Vaxis – Act I: The Unheavenly Creatures is the ninth studio album by progressive rock band Coheed and Cambria. It was released on October 5, 2018, returning to the band's Amory Wars concept after 2015's The Color Before the Sun.

Background and recording
Recorded between January and March 2018, The Unheavenly Creatures continues the band's Amory Wars concept, unlike their previous album The Color Before the Sun. On May 31, 2018 the band released the first two tracks of the album, "Prologue" and "The Dark Sentencer", on YouTube. The track listing and album artwork were released on June 22, 2018 after days of teasers depicting fragments of the art. The band released the song "Unheavenly Creatures", which is the album's third track, on June 28. On August 16, "The Gutter" was released and on September 27, "Old Flames" was released.

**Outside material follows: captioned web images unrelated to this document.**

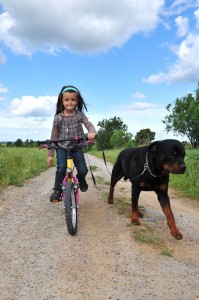 Die Hunderasse Rottweiler braucht viel Bewegung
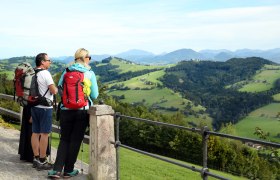 Sonntagbergweg, &copy; weinfranz.at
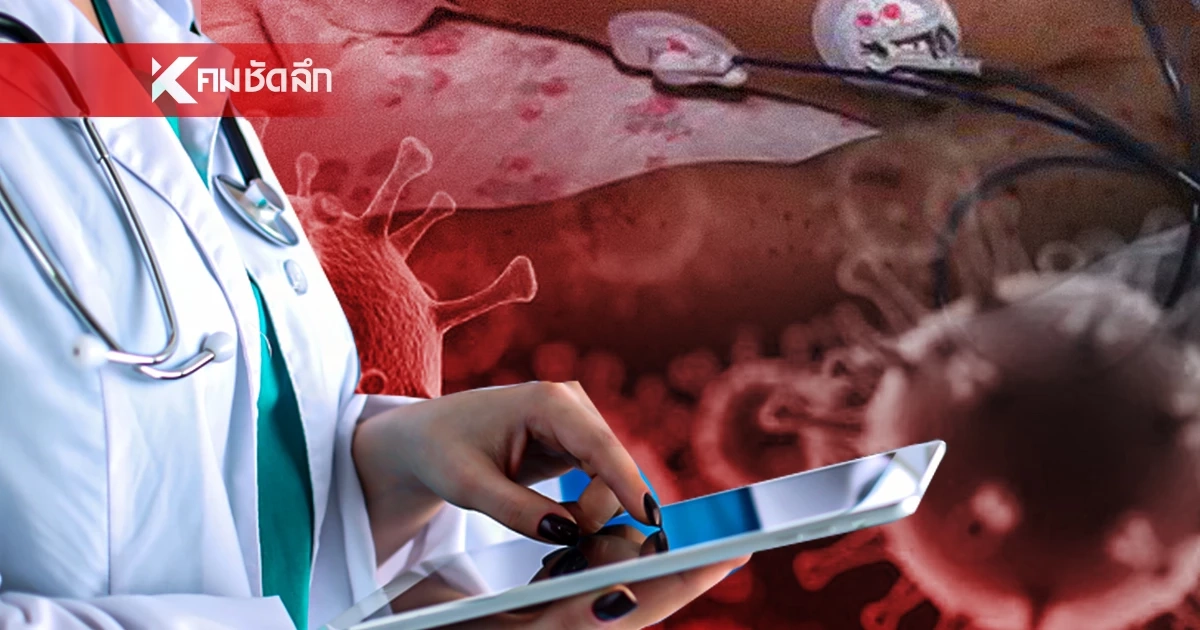 เพชฌฆาตเงียบเจาะลึก “ไข้กาฬหลังแอ่น” หลังระบาดหนักที่อังกฤษ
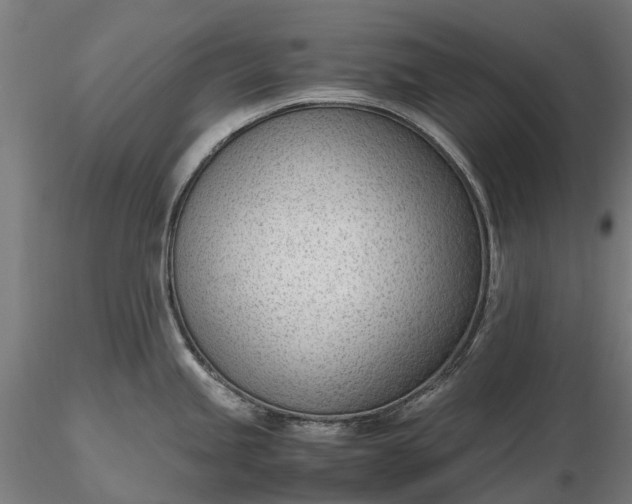 X0000116331245200912151258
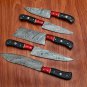 Handmade Damascus Chef set Of 5pcs With Leather Cover,Kichten Knife,Damascus Knife Set,Kitchenknives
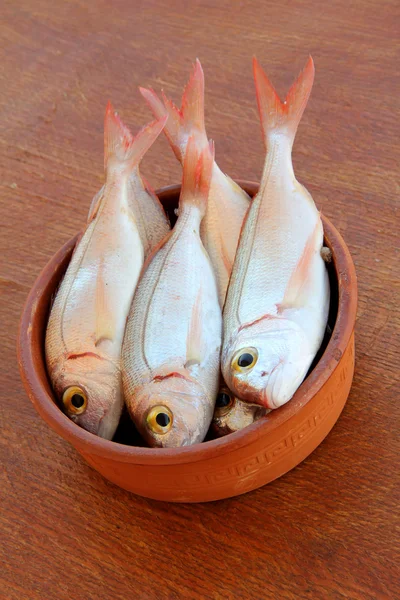 Frischer Fisch Auf Dem Holztisch Gemeiner Pandora Fisch Pagellus Erythrinus — Stockfoto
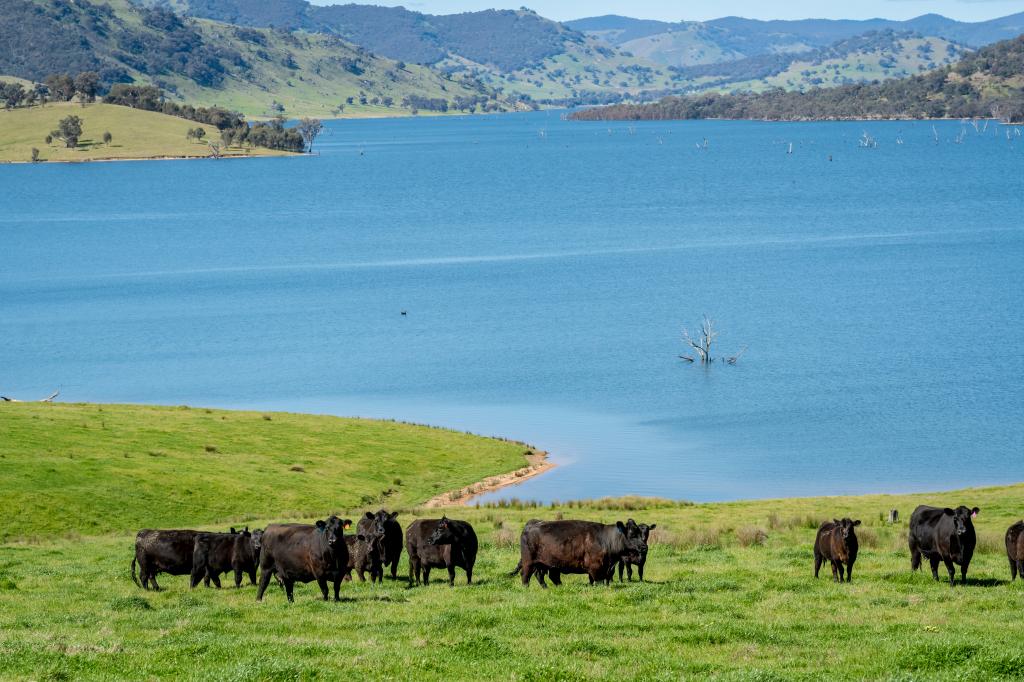'Inglebrae'/1523 Murray River Rd, Talgarno, VIC 3691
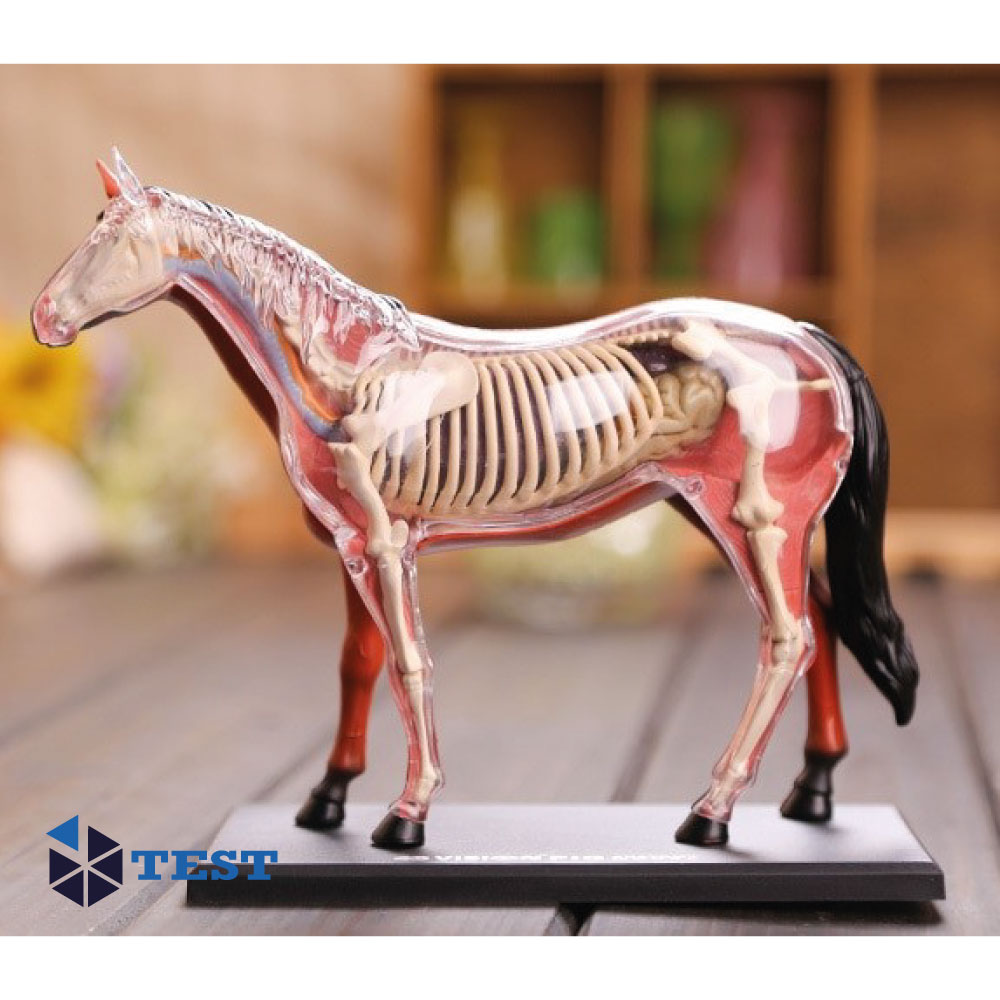 Modelo Anatómico 3D Equino – Test Glassware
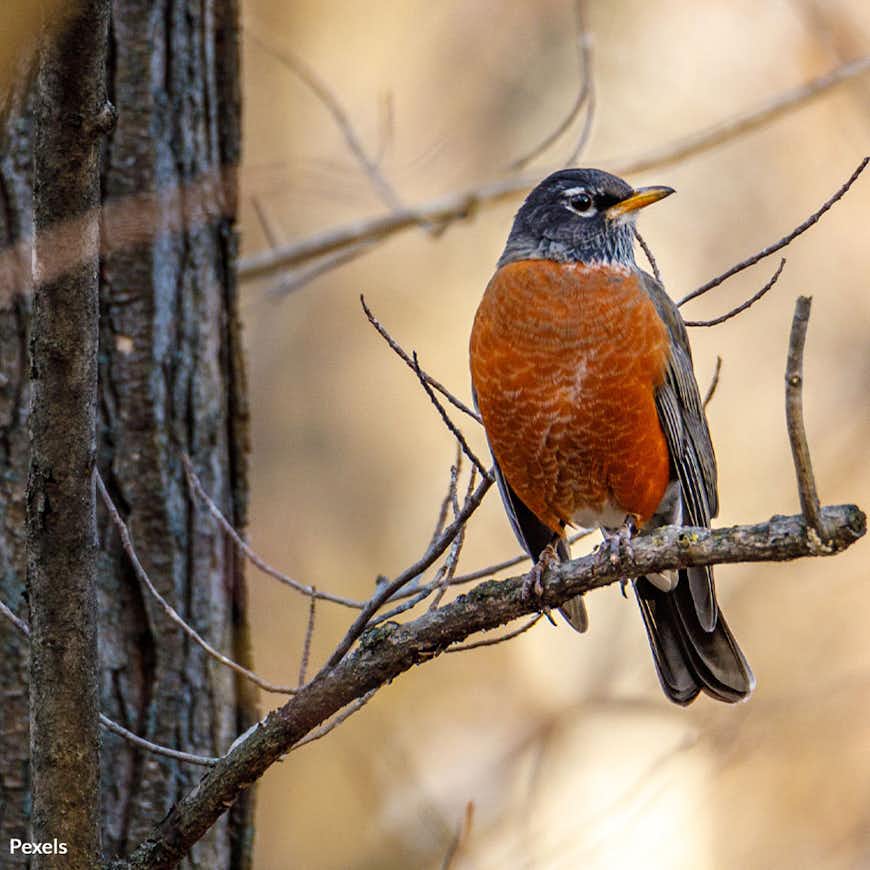 Protect Beautiful Fall Migrating Birds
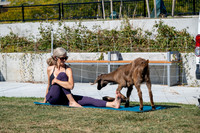 250930-yoga_0226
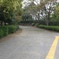 photo_3786960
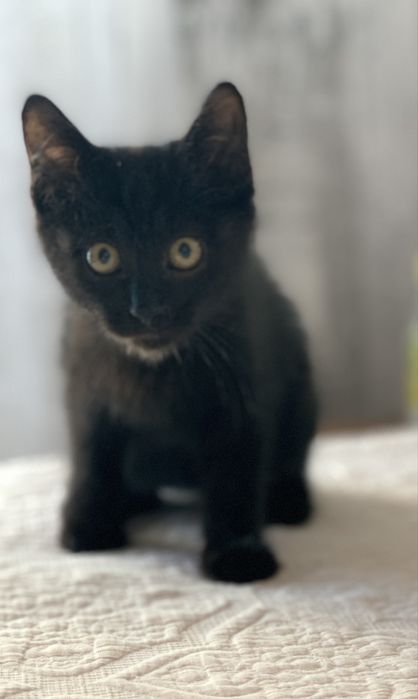 Очаровательный мальчик, котенок.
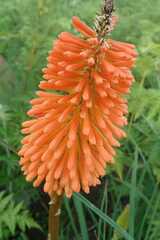 Kniphofia galpinii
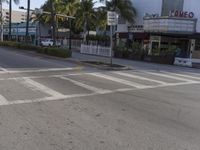 the crosswalk marks in the cross walk at an intersection with shops, palm trees and a sidewalk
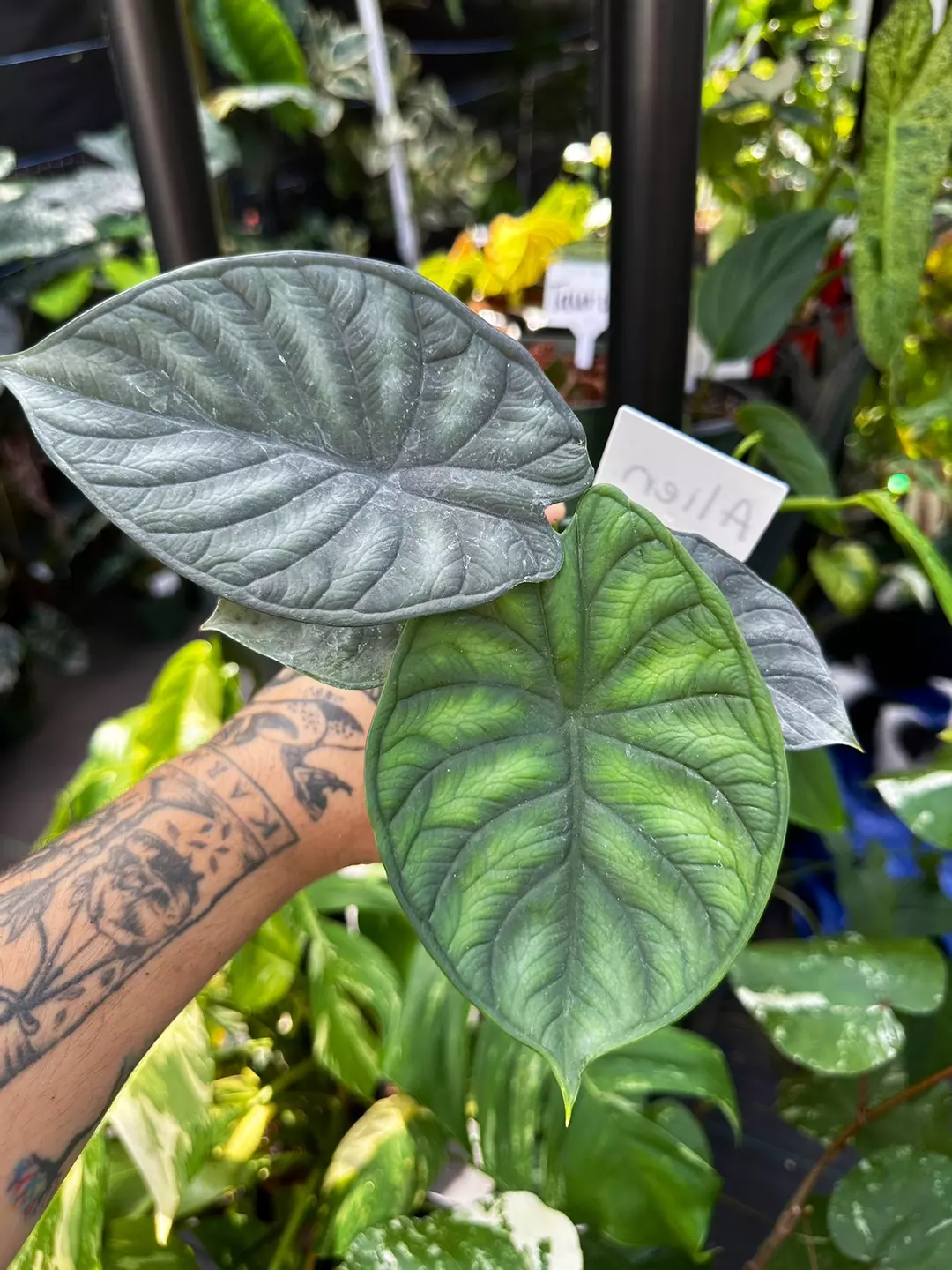 4” ALOCASIA DRAGON SCALE thumbnail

The music of The Unheavenly Creatures has been described by music critics as progressive rock and progressive metal, noting many songs spanning influences such as punk rock, pop rock, and indie rock.

Release
The album was released on October 5, 2018. A deluxe box-set version of the album includes a novella written by the band's vocalist and guitarist Claudio Sanchez and his wife Chondra Echert, with artwork by Chase Stone, a replica "Creature" mask from the "Unheavenly Creatures" music video custom designed by Claudio Sanchez, a Coheed and Cambria "Black Card" that allows fans early access to tickets along with free entry into Coheed and Cambria headline shows and was valid until December 19, 2019, a three fold poster containing the album artwork, as well as a certificate of authenticity signed by the four members of the band and a demo CD, The Crown Heights Demos. 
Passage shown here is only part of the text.